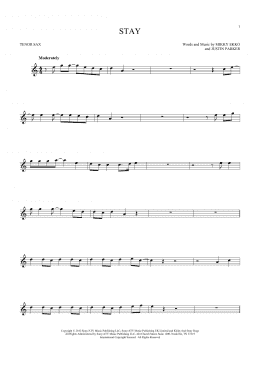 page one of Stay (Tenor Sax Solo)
---
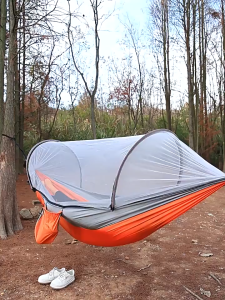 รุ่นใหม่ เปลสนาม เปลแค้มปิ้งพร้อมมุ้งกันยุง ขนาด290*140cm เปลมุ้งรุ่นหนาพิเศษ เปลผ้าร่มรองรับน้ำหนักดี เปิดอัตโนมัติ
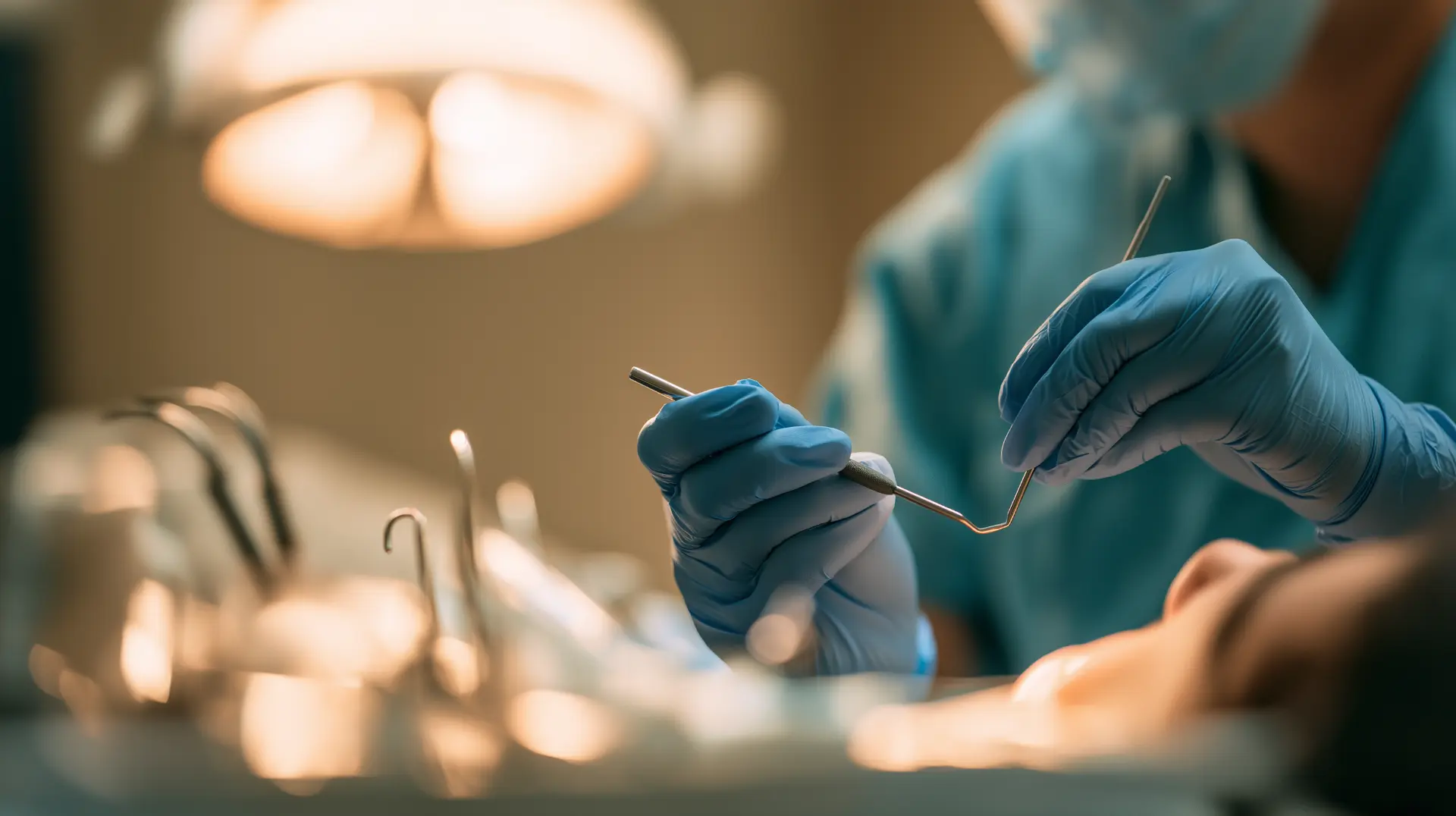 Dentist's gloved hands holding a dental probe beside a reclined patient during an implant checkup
...
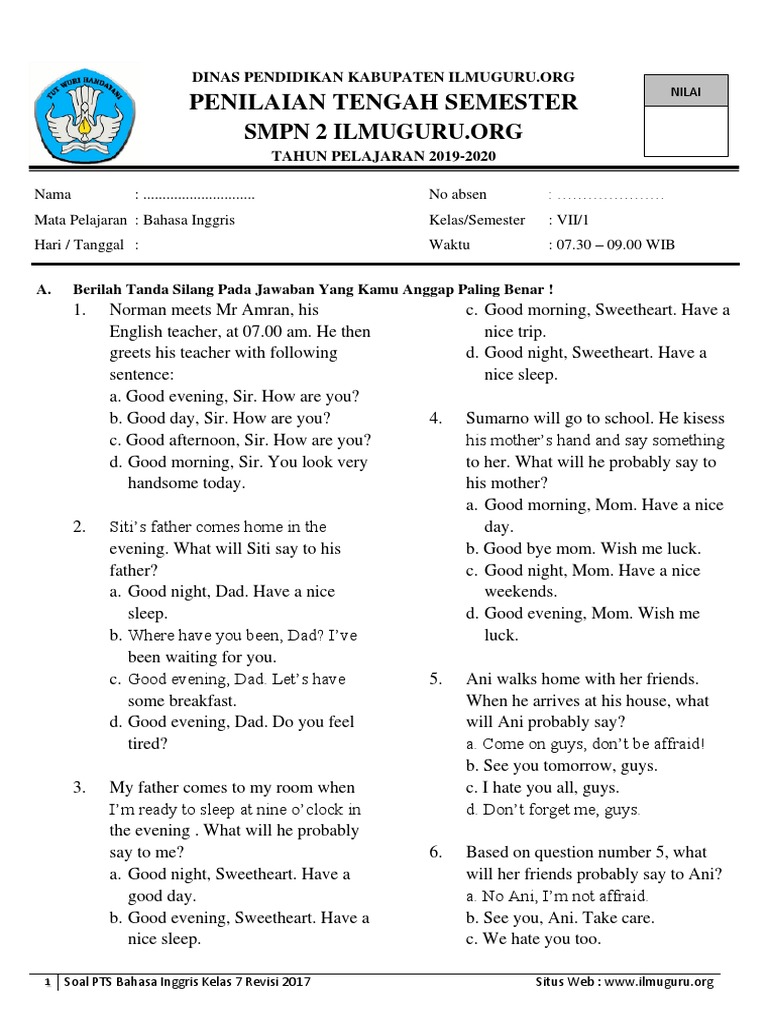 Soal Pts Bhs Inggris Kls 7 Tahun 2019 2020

## [Your instructions]
From the records above, extract the lines from the one holding "รุ่นใหม่ เปลสนาม เปลแค้มปิ้งพร้อมมุ้งกันยุง" through the one holding "Dentist's gloved hands", word for word; omit the pictures.

## [Result of the exercise]
 รุ่นใหม่ เปลสนาม เปลแค้มปิ้งพร้อมมุ้งกันยุง ขนาด290*140cm เปลมุ้งรุ่นหนาพิเศษ เปลผ้าร่มรองรับน้ำหนักดี เปิดอัตโนมัติ
 Dentist's gloved hands holding a dental probe beside a reclined patient during an implant checkup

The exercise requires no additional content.